Here the analysis of a sample equals the processing of a semiconductor wafer. The ready-processes chip in semiconductor fabrication corresponds to the result of an analysis in the laboratory. In both cases complex and expensive equipment is being applied. In order to produce / analyze economically, a high utilization of the implemented equipment is essential. Unlike in semiconductor production, where simulation technique has already been applied successfully, in laboratory automation there still exists a high potential regarding the optimization of production engineering characteristics like utilization and throughput with the help of computer-aided simulation. The following shows some possible approaches for optimizing the above mentioned characteristics in lab-automation.
In future complex automated equipment, which combines various single devices, is needed for processing large amounts of samples. For an efficient operation of the equipment reliable mechanisms are necessary for controlling the material flow. It is irrelevant if the single processes show a strong repetitive character like with High Throughput Screening (HTS) or require a high flexibility like a clinical lab. Especially with HTS-equipment used for screening pharmaceuticals (using the same assay over a long period of time) it is important to have a high throughput. Here simulation is a tool for checking various approaches for optimization and maximization of equipment specific throughput.

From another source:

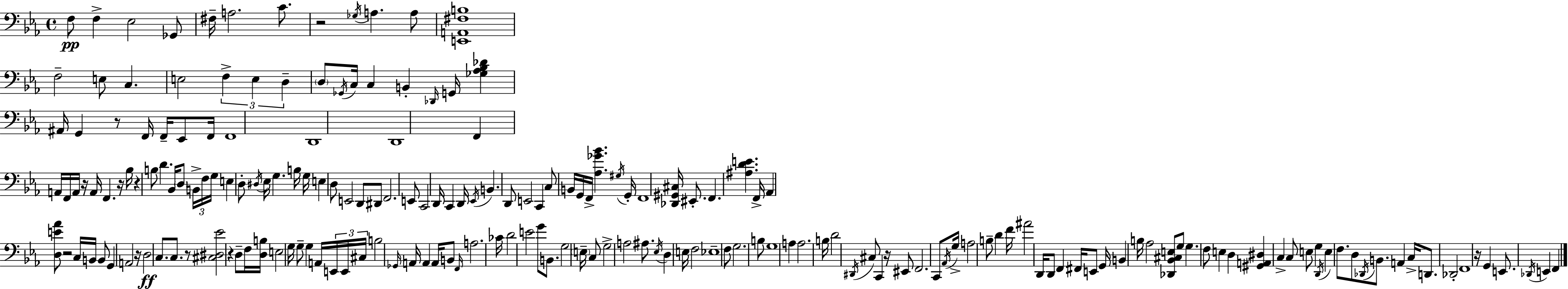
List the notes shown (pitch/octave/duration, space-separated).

F3/e F3/q Eb3/h Gb2/e F#3/s A3/h. C4/e. R/h Gb3/s A3/q. A3/e [E2,A2,F#3,B3]/w F3/h E3/e C3/q. E3/h F3/q E3/q D3/q D3/e Gb2/s C3/s C3/q B2/q Db2/s G2/s [Gb3,Ab3,Bb3,Db4]/q A#2/s G2/q R/e F2/s F2/s Eb2/e F2/s F2/w D2/w D2/w F2/q A2/s F2/s A2/s R/s A2/s F2/q. R/s Bb3/s R/q B3/e D4/q. Bb2/s D3/e B2/s F3/s G3/s E3/q D3/e D#3/s Eb3/s G3/q. B3/s G3/s E3/q D3/e E2/h D2/e D#2/e F2/h. E2/e C2/h D2/s C2/q D2/s Eb2/s B2/q. D2/e E2/h C2/q C3/e B2/s G2/s F2/s [Ab3,Gb4,Bb4]/q. G#3/s G2/s F2/w [Db2,G#2,C#3]/s EIS2/e. F2/q. [A#3,D4,E4]/q. F2/s Ab2/q [D3,E4,Ab4]/e R/h C3/s B2/s B2/e G2/q A2/h R/s D3/h C3/e. C3/e. R/e [C#3,D#3,Eb4]/h R/q D3/e F3/s [D3,B3]/s E3/h G3/s G3/e G3/q A2/s E2/s E2/s C#3/s B3/h Gb2/s A2/s A2/q A2/s B2/e F2/s A3/h. CES4/s D4/h E4/h G4/e B2/e. G3/h E3/s C3/e G3/h A3/h A#3/e. Eb3/s D3/q E3/s F3/h Eb3/w F3/e G3/h. B3/e G3/w A3/q A3/h. B3/s D4/h D#2/s C#3/e C2/q R/s EIS2/e F2/h. C2/e Ab2/s G3/s A3/h B3/e D4/q F4/s A#4/h D2/s D2/e F2/q F#2/s E2/e G2/s B2/q B3/s Ab3/h [Db2,Bb2,C#3,E3]/e G3/e G3/q. F3/e E3/q D3/q [G#2,A2,D#3]/q C3/q C3/e E3/e G3/q D2/s E3/q F3/e. D3/e Db2/s B2/e. A2/q C3/s D2/e. Db2/h F2/w R/s G2/q E2/e. Db2/s E2/q F2/q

In analytical laboratories, especially within clinical analytics, maximal equipment utilization and a quick and due processing of various amounts of samples are important. However, the fact that number and kind of the relevant samples cannot easily be estimated in advance makes great demands on the controlling of the single analysis flows (e.g. what impact do samples which are to be processed immediately have on daily routine analytics). This makes a dynamic adaptability of the material flow necessary. Here simulation is a tool for modeling and examining various laboratory configurations with regard to flexibility and optimized material flow.

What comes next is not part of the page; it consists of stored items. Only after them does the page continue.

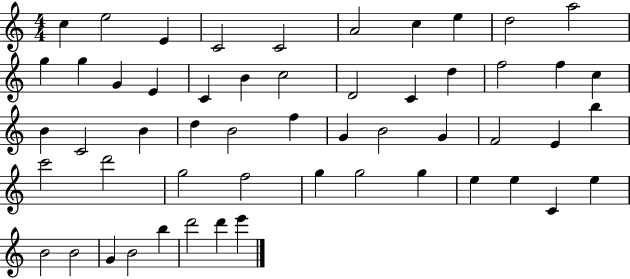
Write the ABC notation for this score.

X:1
T:Untitled
M:4/4
L:1/4
K:C
c e2 E C2 C2 A2 c e d2 a2 g g G E C B c2 D2 C d f2 f c B C2 B d B2 f G B2 G F2 E b c'2 d'2 g2 f2 g g2 g e e C e B2 B2 G B2 b d'2 d' e' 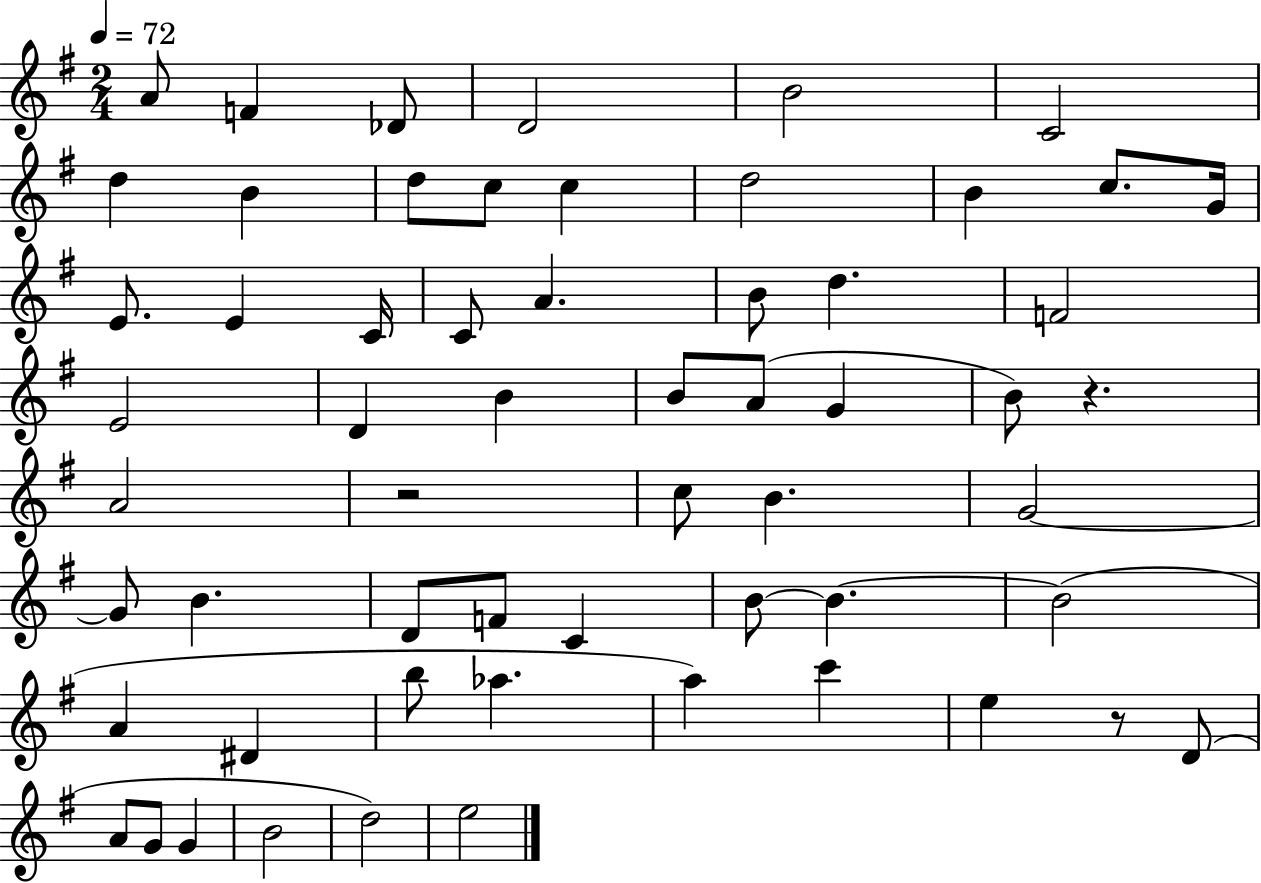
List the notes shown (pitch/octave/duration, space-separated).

A4/e F4/q Db4/e D4/h B4/h C4/h D5/q B4/q D5/e C5/e C5/q D5/h B4/q C5/e. G4/s E4/e. E4/q C4/s C4/e A4/q. B4/e D5/q. F4/h E4/h D4/q B4/q B4/e A4/e G4/q B4/e R/q. A4/h R/h C5/e B4/q. G4/h G4/e B4/q. D4/e F4/e C4/q B4/e B4/q. B4/h A4/q D#4/q B5/e Ab5/q. A5/q C6/q E5/q R/e D4/e A4/e G4/e G4/q B4/h D5/h E5/h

In both cases single process steps or equipment are bottlenecks for the material flow due to their processing time or uneven utilization, which are decisive for the overall throughput of the equipment. The simplest solution for eliminating these bottlenecks is to duplicate the particular equipment. Yet, without dynamic simulation it can often be judged only with difficulty whether an approach for optimization really leads to the demanded throughput rate and if it justifies the investment connected with it. The mutually influencing process steps possibly may only lead to a small increase of the throughput due to links with preceding and successive process steps. The required result could possibly be reached by more simple and more economical changes within the material flow.
These problems can be solved in advance with the help of computer-aided simulation. In this way a suitable and economical solution for obtaining the demanded throughput rate can be found and simulation can be used for preparing investment decisions.